Sonra yine Bediüzzaman bir
risalesinde; “Eskişehir hapishanesinin karşısında bulunan lise mektebinin
avlusundaki kızlar gülerek raks ediyorlardı, onların haline ağladım.” Niçin
ağlamış? Ahiretleri mahvolacak diye ağlamış. Biz Müslümanlar da, açık bayanlara
ve başını örtmüş fakat kot pantolon giyenlere lanet edeceğimize şefkat etmeli
ve ebedi hayatları mahvolmasın diye çaba göstermeliyiz. Çünkü böyle giyinen bayanlar cennetin dahi kokusunu alamazlar.(Hadis)

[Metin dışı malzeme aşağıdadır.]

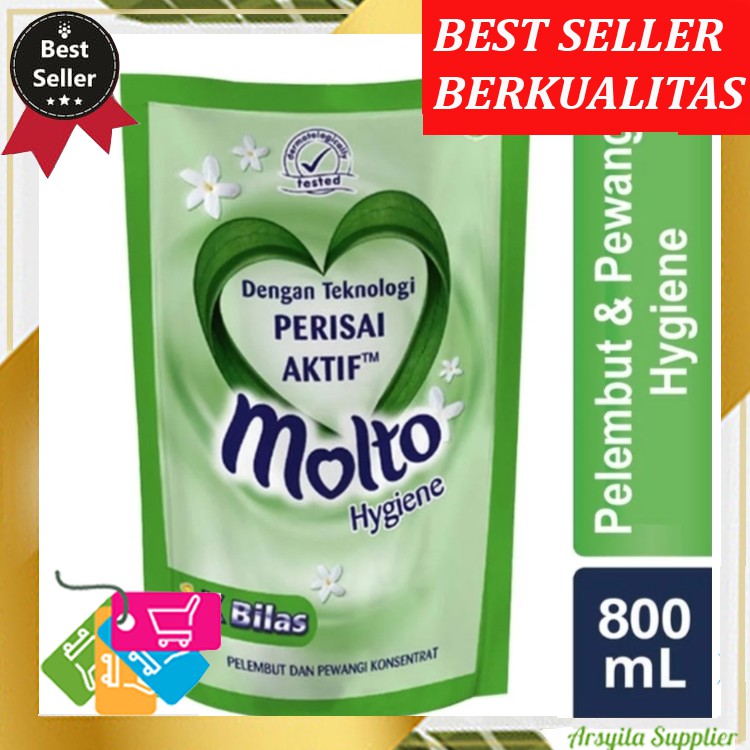 Molto Softener 800ml Hygiene-Anti Bakteri (Pelembut & Pewangi Pakaian)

Evet hadisin bu hükmü, giyinik çıplaklar için de geçerlidir. Evet bu hadisi
Peygamber, giyinmiş ama vücut hatları görünen başı örtülü üniversiteli kızlarımız için de geçerlidir. Sakın
ben örtünmüşüm demesinler konuyu biraz daha araştırsınlar. Ben bilmiyordum
demekle kurtulamazlar. Allah sana araştırman için akıl vermiştir. Yani mazeret
yok…
Sakın ola ki; İslam, kadını
ikinci sınıf vatandaş olarak niteliyor denilmesin… Cenneti anaların ayakları altına seren bir
din, en uzun üç sûresinden birine kadınlar
ismini veren ve Hz. Meryem’i yüceltme
adına bir sureye “Meryem Suresi” ismini veren Kuran, Hz. Asiye gibi kadınlardan
da uzun uzun bahsetmiştir. Peygamber Efendimizin mübarek soyunun da, bir kız
çocuğundan(Hz. Fatıma) devam ettiği unutulmamalıdır. Hz. Ayşe ve Hatice’nin İslâm'daki
yeri ise hemen herkesin malûmudur.
Biz Kurandan ve Risale-i Nurdan böyle anladık. Hata ettikse, Kuranı ve
Risale-i Nur’u şefaatçi ederek affımızı dileriz. Hatasız Kurandır, insanlar
yanılabilir. Ama inşallah isabet etmişizdir. Vesselam…
Son söz olarak, Bediüzzaman’ın
dediği gibi derim; “Kadınlar
yuvalarından çıktı beşeri baştan çıkardı yuvalarına dönmeli.”